The bass on any 5.1 signal should actually be more pronounced than on CD or tuner. The dynamic range is quite large on DVD considering the LFE channel. I would check the settings.......

brucek


----------



## JCD (Apr 20, 2006)

Can you confirm that the sub is working while in DD? It COULD be that the sub is turned off while in DOlby Digital but not so for 2 channel stuff.

Another thing I just thought of -- have you calibrated using the test tones on the receiver and a SPL meter?

Just some quick musings..


JCD


----------



## bob1029 (Feb 26, 2007)

What ive noticed with my setup is similar. Initially I believed there to be a problem with the setup, but then I realized that the dynamic range on most radio stations is very small compared to a dvd. When I play a dvd, I find that I have to turn it up a bunch because the dialogue is alot quieter than the action scenes, where as on the tuner, the compressed range can be very audible at much lower levels. Initially I found this to be annoying, but then I began to appreciate the dynamic range that a decent dvd can produce. It is also entirely possible that you do infact have a problem with the setup and I am just rambling here. The only thing I can think of that would be wrong is a setting on the onkyo. I know on mine that with the tuner enabled, the reciever does whatever it wants to the lfe and sends it to the sub. Its possible you may need to adjust your lfe levels while the reciever is decoding a dd signal, and then go back to see if it affects the tuner/cd input.


----------



## Otto (May 18, 2006)

Hey Mongrel,

Looks like it's been over a month now, but I somehow missed this thread...
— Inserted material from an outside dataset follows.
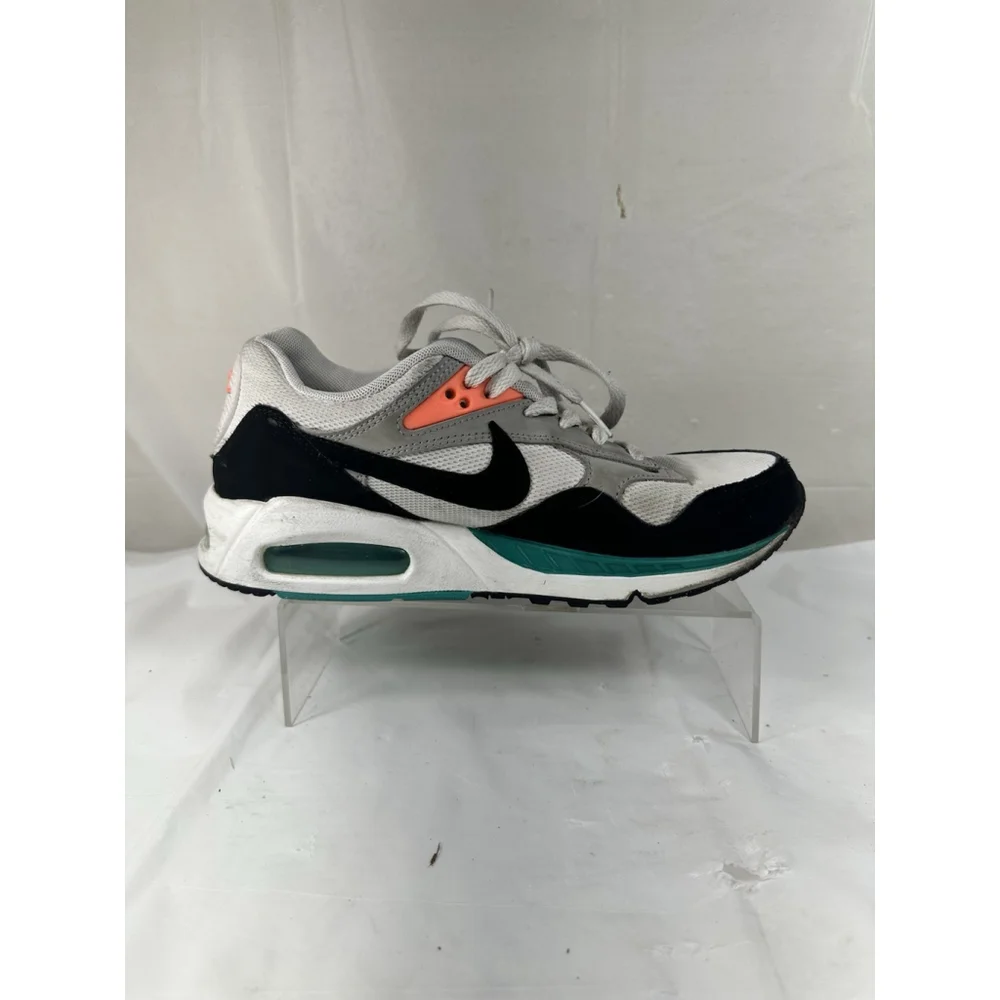 Nike Air Max Athletic Shoes in White, Black, Teal & Coral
Is there any possibility that you have an LFE control that's set low? That would reduce your sub output on movies such that you would need to bump up the primary "sub out" control.

Or perhaps there's a two-channel bass level that's set too high? I've seen that as well on preamps, although on my previous one it was only available to apply cuts, not boosts.
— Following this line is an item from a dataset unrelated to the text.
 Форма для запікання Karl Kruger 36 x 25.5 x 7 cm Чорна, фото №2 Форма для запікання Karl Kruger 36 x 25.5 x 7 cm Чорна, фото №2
When listening to movies vs. two-channel, I don't have to make much change. Sometimes I can tweak the bass a little (usually just a couple dB in one direction or the other). Such changes are usually just necessitatied by the particular mastering job. I don't get a big swing between movies and music.

Maybe you've already got this fixed. I'd like to hear your results.


----------



## Mongrel714 (May 23, 2007)

Otto said:


> Hey Mongrel,
> 
> Looks like it's been over a month now, but I somehow missed this thread...
> 
> ...


Hey Otto, thanks for chiming in, I did not find an answer to this problem, allthough with my new sub and amp its less of a problem now, I guess I'll chalk it up to a poor receiver, as I've changed cords and settings, but now I have the extra push over the top if I need it, It goes to eleven!


----------